Rick silently glanced at Michael, who then glanced at Christine. She had a history with Jed. She knew how to communicate with him to get her point across without insulting him.
"I think what Rick is saying is that you can't just take the metro everywhere," Christine delicately began. "I mean, what are you going to do, show up at the Inaugural Ball next weekend in your tux climbing a flight of stairs up from underground? Congressman, you need a car and a driver."
"I'll take care of it," Lindsay offered.
"Fine...for now. I'll use a driver for important things and we can revisit this issue later. Let's just get this meeting started."
"We can't," Michael told him. "You're needed on the floor for a vote."
"I thought we weren't voting on anything until after Inauguration Day."
"Well, technically that's true. But you're not voting on a bill this morning. You're voting on whether or not to vote on a bill. It's the new education initiative that got lost in the shuffle last session. It's not going to fall by the wayside so it doesn't really matter how you vote."

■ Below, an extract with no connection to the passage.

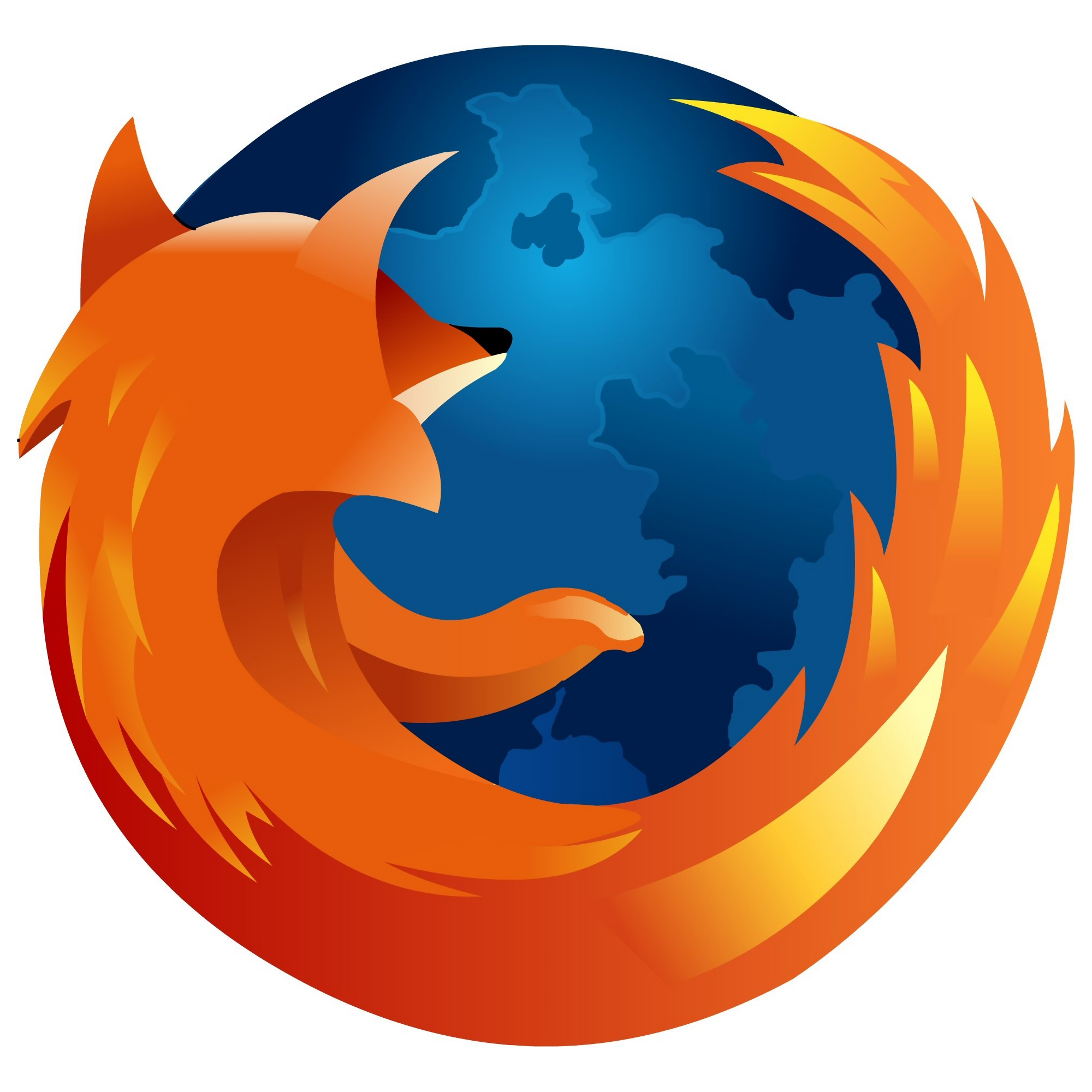 2000x2000 Firefox Browser Logopedia Fandom Powered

"You're telling me I have to go down there to vote on whether or not we should take a vote? And that in doing so, my vote won't even make a difference one way or the other?"
"That's right," Christine confirmed.
"Well, thank goodness I spent all those years in school and in local government studying the legislative process or I might not have been adequately prepared for the intricacies facing me in the United States House of Representatives." Jed sighed. "For God's sake, I'll be back after my vote."
"I got to vote on whether or not to vote today." Jed had tucked himself under the covers in his bed that evening, snuggled up with the phone as he and Abbey shared a late-night call.
"What?" she asked, sliding her legs under the comforter and laying back against her pillows in the master bedroom back at the farm.
"I'm serious. I stood on the floor of the House and I cast a vote about whether or not we should vote on the education bill that fell through the cracks last year."
"They do that? I mean, you do that? You vote on taking votes?"
"Apparently, that's where our tax dollars go. Comforting, isn't it?"
"Just roll with the punches, Jed. Soon, you'll get to do some actual governing."
"Yeah." He rolled onto his back and propped his arm under his head. "What are you wearing?"
"What do you wish I was wearing?" Her voice held a hint of seductive flirtation.
"That black lace teddy I got you for Christmas."
"Then that's what I'm wearing."
"You are a master at bluffing," he grinned. "I'm still trying to recover from the purple futons you promised me were coming when, in fact, you ordered the same furniture I would have ordered myself."
Abbey enjoyed tricking her husband. "It got you all worked up though, didn't it? You can't blame me for adding a little spice to your life."
"Hot Pants, you ARE the spice in my life. Which brings me back to my original question, what are you wearing? I want to picture you in my mind where all my lascivious thoughts live."
"You gonna dream about me tonight?"
"Don't I every night?"
"I'm wearing my sheer pink nightgown." She wasn't lying this time. "What about you?"
"I'm naked."
"It's too cold to be naked."
"Not here it's not." He didn't want to admit it, but she was right. Jed was actually dressed in boxers and a long-sleeved T-shirt. "I'm completely naked and wishing you were lying here next to me."
"I wish I was too. You have no idea how much." Abbey curled up on her side, the phone still cradled at her ear.
"Abbey?"
"Yeah?"
"How are we going to do this for two years?"